Don't overfeed them they'll get tamer @ feeding times


----------



## earl21 (Apr 3, 2011)

is theris other way to comfort them


----------



## spirit wings (Mar 29, 2008)

earl21 said:


> is theris other way to comfort them


you trying to comfort them will make them more scared... they need time and a routine before they will start trusting you ..or just getting used to you.. pigeons are not cuddly birds like some hookbills can be. they are pretty reserved and do not want to be touched.. they can get over this somewhat when treats they love are a motivator.. it does not mean they like you..it just means they are willing to come close to get what THEY want.. but it is nice to have them eat out of your hand and sit on your shoulder and things like that, just as long as you respect them and accept them for just how they are reguardless if they come near you or not.


----------



## earl21 (Apr 3, 2011)

what did you mean comfort them will make them more scared


----------



## spirit wings (Mar 29, 2008)

earl21 said:


> what did you mean comfort them will make them more scared


They do not understand what comforting is.. they do not think like people.. so if you are in their face and saying ..oh is ok poor little baby.. they do not care..they are scared.. I would make your presents known but do not stare at them..as that is what predators do.. just give them feed and clean their area..in a few months they will know the rountine... start giving treats at a regualer time schedule and then they will look forward for your coming.


----------



## Lynnwood Lofts (Apr 12, 2010)

You have to treat them somewhat the same way you would treat a cat....let them come to you.

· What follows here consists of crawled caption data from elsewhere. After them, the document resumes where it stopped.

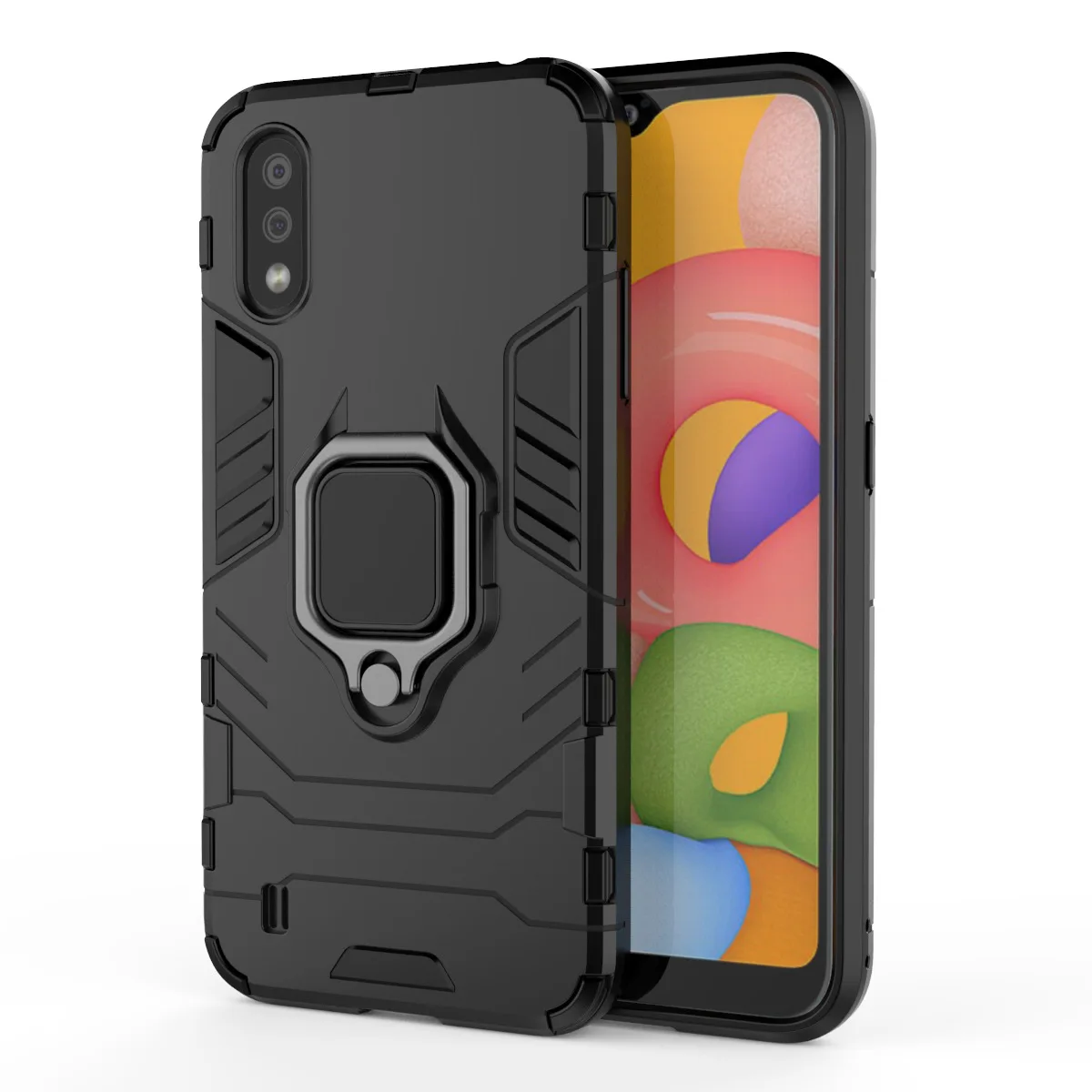 

Ring Holder Case For Samsung Galaxy A01 Core A02 A02S Armor Shockproof Hard PC Soft TPU Hybrid Rugged Back Cover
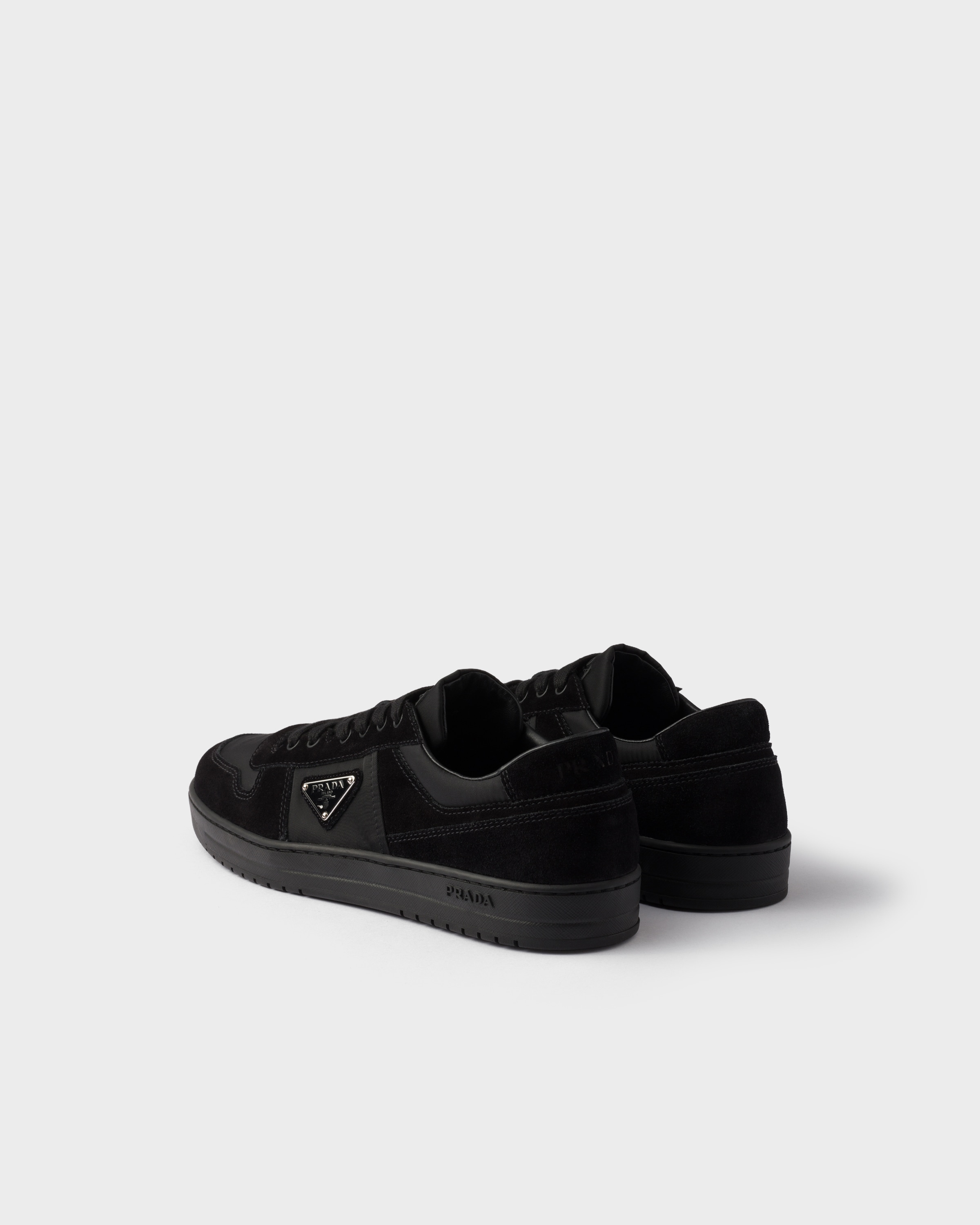 Black Downtown Re-nylon And Suede Sneakers | PRADA - United States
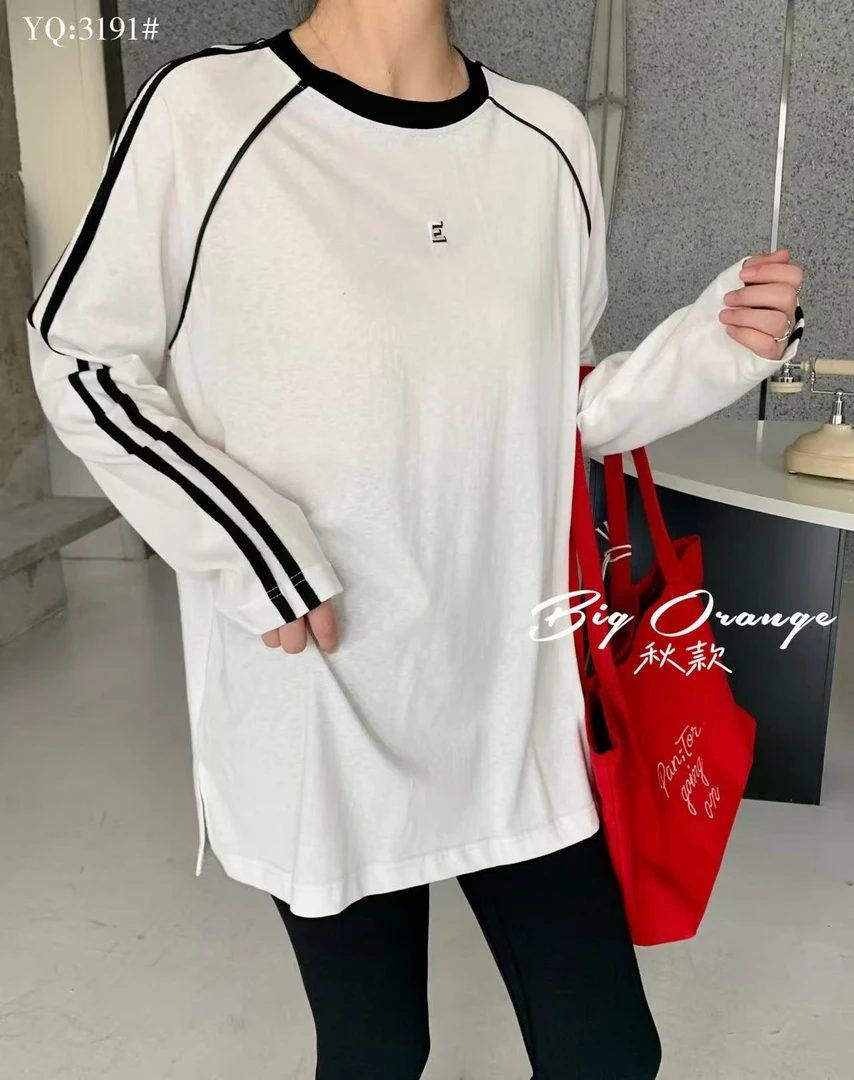（燃燃推荐）秋季新款大码时尚百搭显瘦休闲舒适拼接长袖衫3191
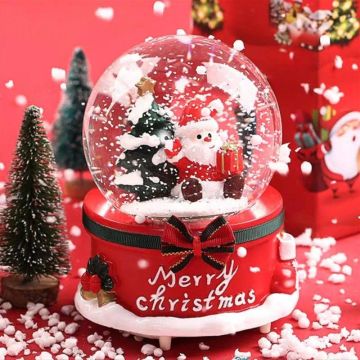 Işıklı Noel Baba Kardan Adam Müzikli Cam Kar Küresi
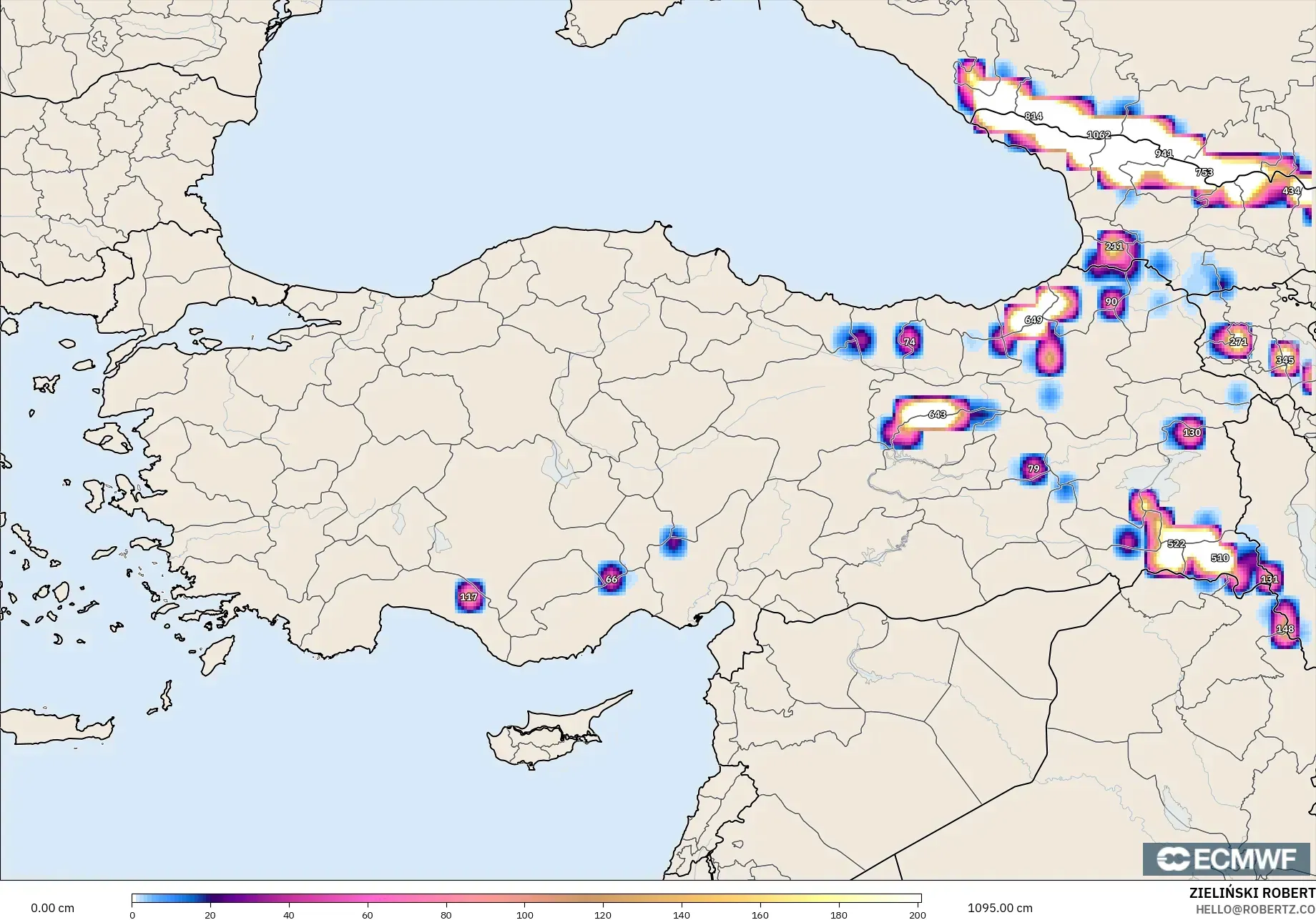 ECMWF IFS 0.25° modelo - Turquía, Profundidad de nieve
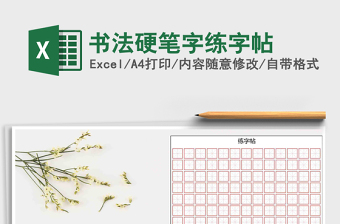 2024书法硬笔字练字帖excel表格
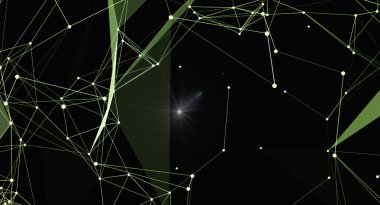 Çizgilerle birbirine bağlı parlayan düğümlere sahip geometrik bir ağ içeren modern bir soyut arkaplan. Tasarım teknoloji, veri ve fütüristik kavramları çağrıştırıyor, parlak bağlantıları vurgulayan karanlık bir zemin ve merkezi bir ışık parlaması.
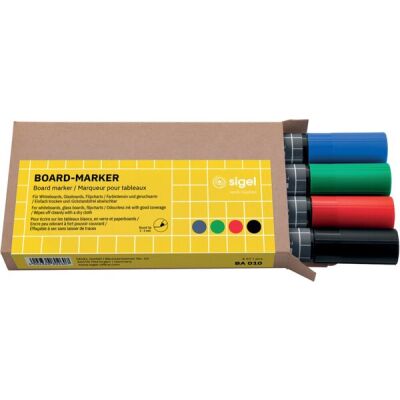 Board-Marker, 2-3 mm, Rundspitze, abwischbar, schwarz, blau, rot, grün, Etui mit 4 Stiften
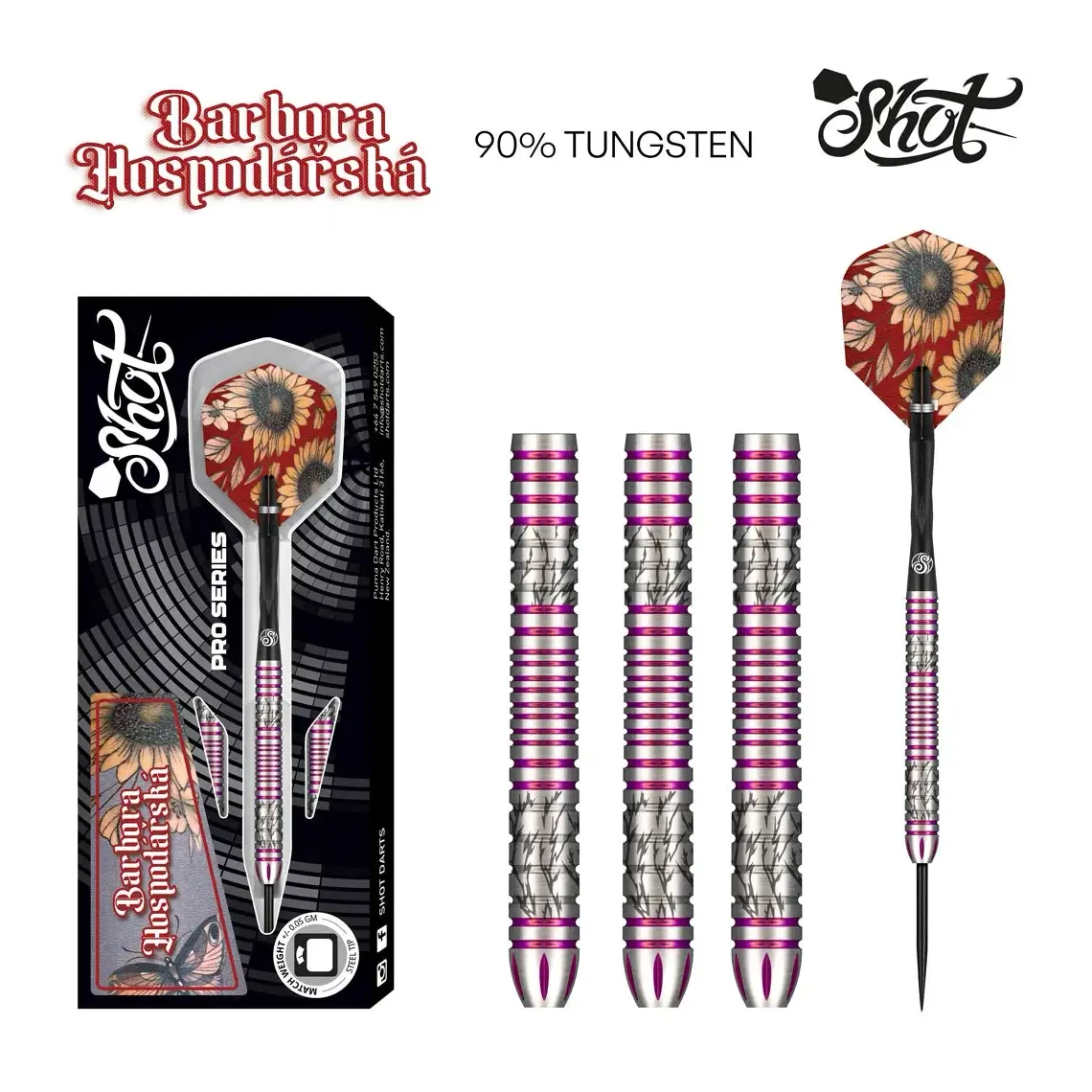 Shot Pro Series Barbora Hospodarska 2.0 Steel Tip Dart Set 90% Tungsten Barrels - 23g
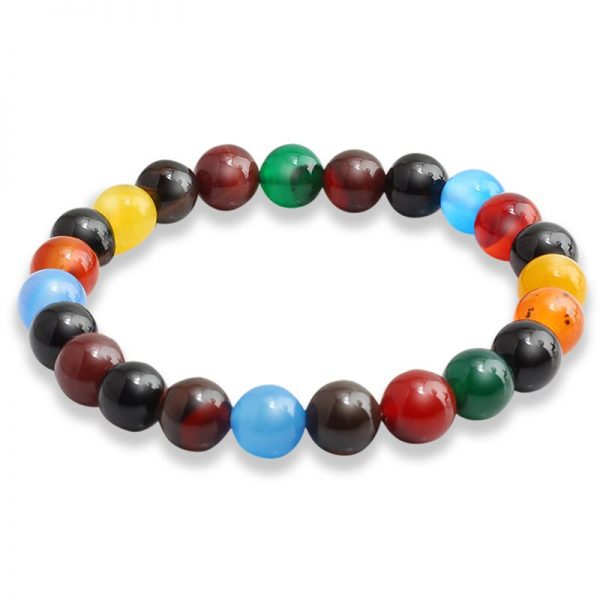 Fashion 8mm Natural Stone Beads Bracelet Men Women Tiger Eye Lava Hematite Strand Bracelet&Bangles Healing Yoga Pulsera Jewelry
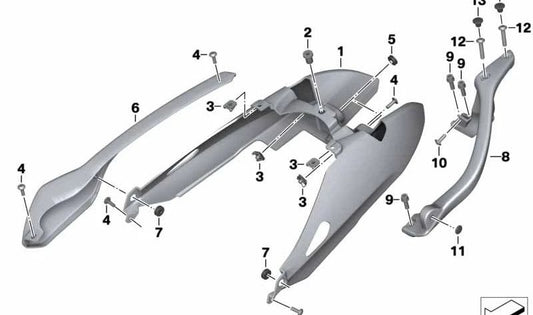 Parte posteriore destra OEM 46627686616 per moto BMW Motorrad K1200R, K1300R. BMW Motorrad originale.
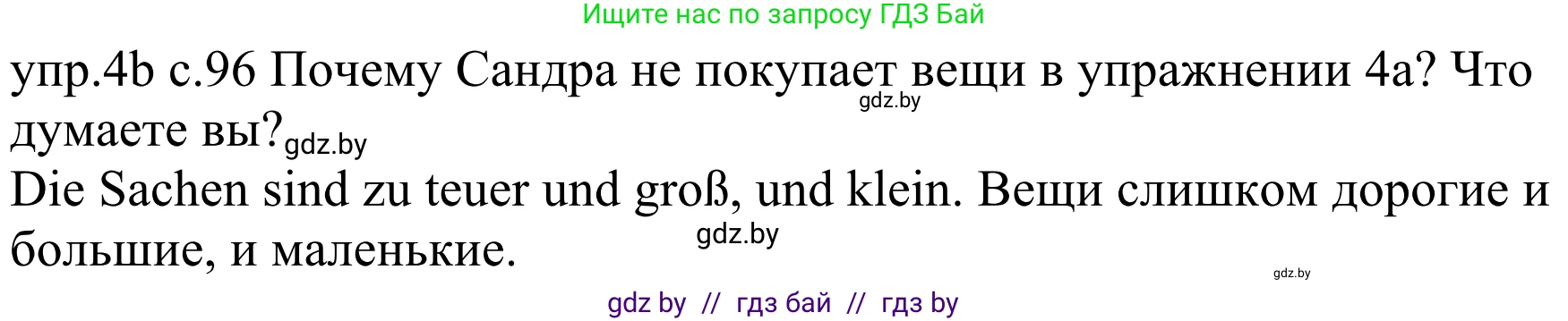 Немецкий язык (Deutsch), 4 класс Учебник (Schülerbuch), авторы: Будько Антонина Филипповна (Budjko Antonina), Урбанович Инна Ювинальевна (Urbanowitsch Ina), издательство Вышэйшая школа, Минск, 2019, жёлтого цвета, Часть 2, страница 96, номер 4b, Решение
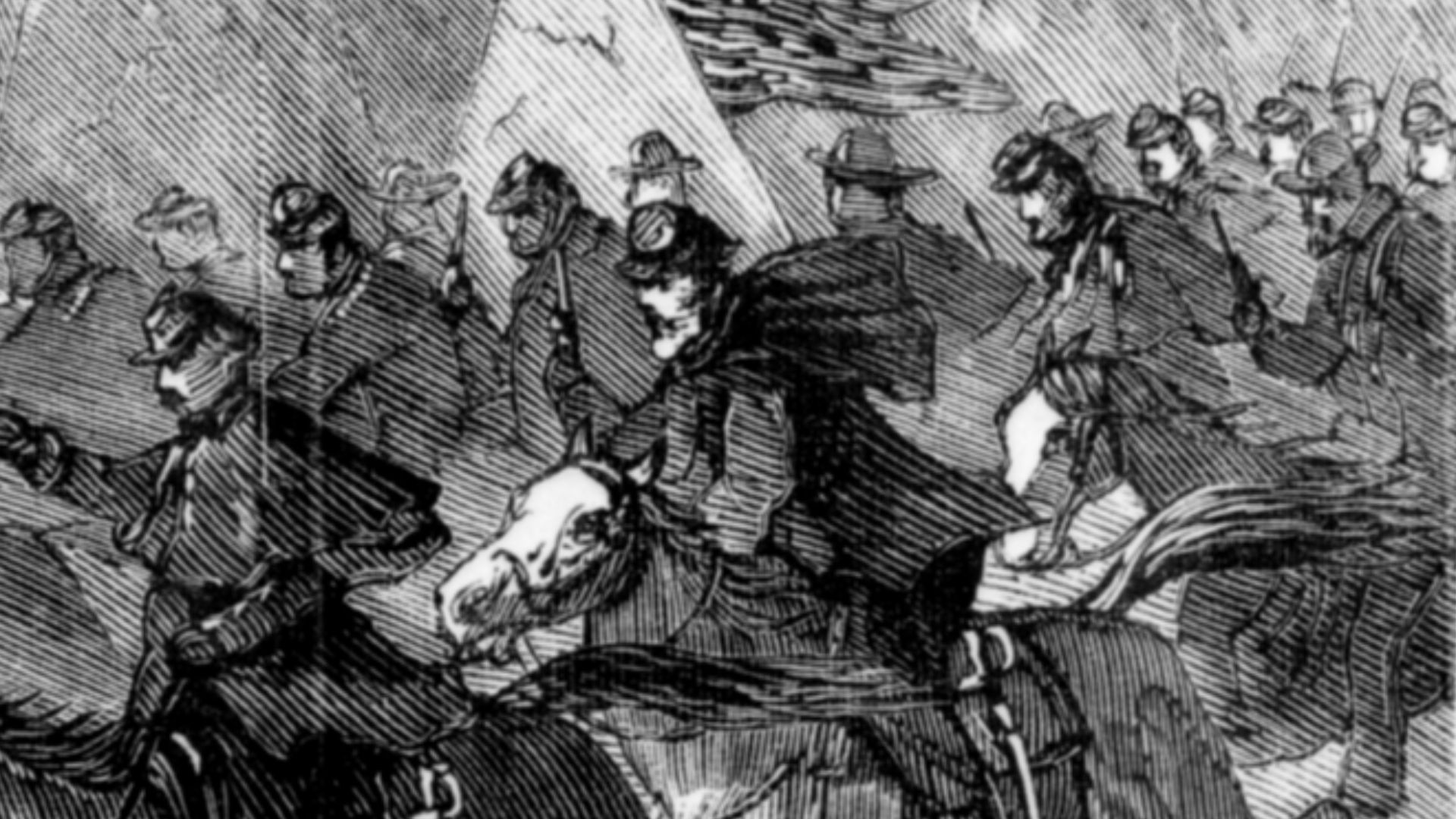 Downloaded from http://memory.loc.gov/
TITLE:  The Seventh U.S. Cavalry charging into Black Kettle's village at daylight, November 27, 1868.
CALL NUMBER:  Illus. in AP2.H32 1868 Case Y [P&P]
REPRODUCTION NUMBER:  LC-USZ62-117247 (b&w film copy neg.)
RIGHT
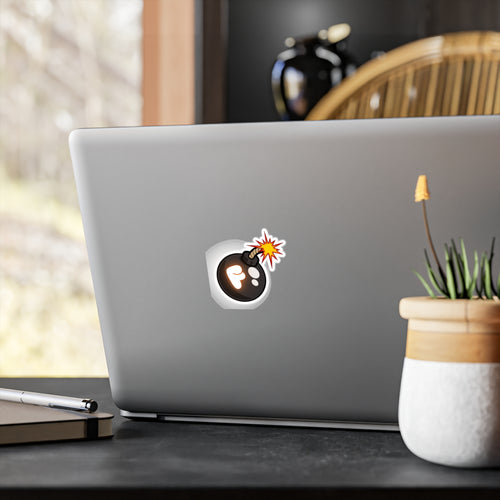 Bomb Icon Kiss-Cut Vinyl Sticker — Cute Explosive Graphic Decal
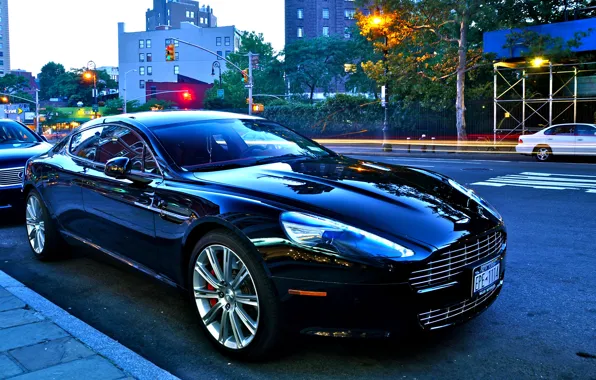 Picture Aston Martin, street, Shine, black, V8 vantage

You have to gain their trust before anything else. To gain their trust, you need to provide for them...food, water, comfortable home...once they have the necessities, they will accept you as the provider in the flock. Birds are no different than dogs and cats...you are part of THEIR flock, pack(dogs), pride(cats). Pigeons are very social animals...some will be snugly and others don't want to be touched but love to be around and interact with you. It all depends on the individual bird's personality.


----------



## earl21 (Apr 3, 2011)

ahh now i can understand what you are saying is dont push them to be comfortable with me clean and fed them and they will know me at all


----------